The San Francisco Giants got the last laugh this weekend when they swiped a crucial series from the Los Angeles Dodgers after winning Sunday’s rubber match.
However, no matter how you look at it, the home plate umpire hosed LA in the ninth inning when the tying run was at the plate.
Tony Randazzo rung up Mookie Betts on a strike three call that was nearly three inches off the plate. That left it all up to Justin Turner as the Dodgers were down to their final out, but he couldn’t get the job done. It didn’t help that there was added pressure with two outs following that botched call.
What’s even more of a joke? Giants fans and San Francisco media trying to spin Randazzo’s awful job on Sunday in their favor because of some of his poor work in the earlier innings.

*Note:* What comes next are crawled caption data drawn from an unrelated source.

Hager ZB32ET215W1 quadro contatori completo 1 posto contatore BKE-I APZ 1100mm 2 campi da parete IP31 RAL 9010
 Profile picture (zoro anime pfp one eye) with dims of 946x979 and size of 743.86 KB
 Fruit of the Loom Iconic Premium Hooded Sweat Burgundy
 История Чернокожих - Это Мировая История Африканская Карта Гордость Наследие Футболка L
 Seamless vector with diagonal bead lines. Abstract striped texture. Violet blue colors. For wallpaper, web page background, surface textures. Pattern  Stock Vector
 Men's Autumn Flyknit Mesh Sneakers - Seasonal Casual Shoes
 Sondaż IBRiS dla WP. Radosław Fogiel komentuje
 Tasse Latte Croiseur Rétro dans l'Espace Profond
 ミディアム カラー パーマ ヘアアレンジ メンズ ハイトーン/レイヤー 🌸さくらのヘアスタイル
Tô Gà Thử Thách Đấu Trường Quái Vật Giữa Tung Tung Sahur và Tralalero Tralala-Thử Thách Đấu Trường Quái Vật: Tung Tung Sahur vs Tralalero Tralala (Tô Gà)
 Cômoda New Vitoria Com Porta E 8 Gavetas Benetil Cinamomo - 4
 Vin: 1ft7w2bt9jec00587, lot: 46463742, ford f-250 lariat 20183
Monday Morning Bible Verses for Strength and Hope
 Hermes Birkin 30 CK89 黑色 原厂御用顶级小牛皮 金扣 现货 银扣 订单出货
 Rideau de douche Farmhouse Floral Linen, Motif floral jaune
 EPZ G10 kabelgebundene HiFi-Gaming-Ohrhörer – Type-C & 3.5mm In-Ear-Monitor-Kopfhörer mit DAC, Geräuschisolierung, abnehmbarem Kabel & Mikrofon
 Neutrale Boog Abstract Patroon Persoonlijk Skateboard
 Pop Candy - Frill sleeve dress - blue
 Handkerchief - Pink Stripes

Giants fans and SF media are trying to spin Tony Randazzo’s bad game in their favor.
Yeah … about that. We’re not sitting here saying Randazzo’s horrible game didn’t benefit the Dodgers at all, but we’re also not going to revisit the umpire scorecard and deem a few missed calls in the earlier innings when the Giants were up 6-0 as San Francisco getting “screwed.” Bad umpiring goes both ways!
A blunder costing you an out in your final at-bats really trumps a few borderline (!) calls made in the third and fifth innings. And we’re really going to harp on that first “miss” when an overwhelming majority of the ball wasn’t even in the zone? OK. He called it a strike even farther inside four innings later to decide the game … in the Giants’ favor.
Looking at the accuracy in totality doesn’t entirely tell the whole story. The Giants were the beneficiaries of the most generous call when it mattered most. The “run expectancy” aspect of it all does hold weight, but a bases-loaded walk in the fifth inning to make the score 6-2 is a lot different than Mookie Betts at the plate with the game-tying run on board in the top of the ninth.
Yep, much more to consider. In the end, the Dodgers didn’t do enough to win and it’s never a good sign when bad calls further put an exclamation on the loss, but it is September, every game matters, and no game is truly over until the final out is recorded — especially after what we’ve seen from both of these teams this year.
The past is the past, but Dodgers fans certainly do not want to see Giants fans whining about Randazzo’s strike zone after the differences in magnitude it had on these teams this past Sunday.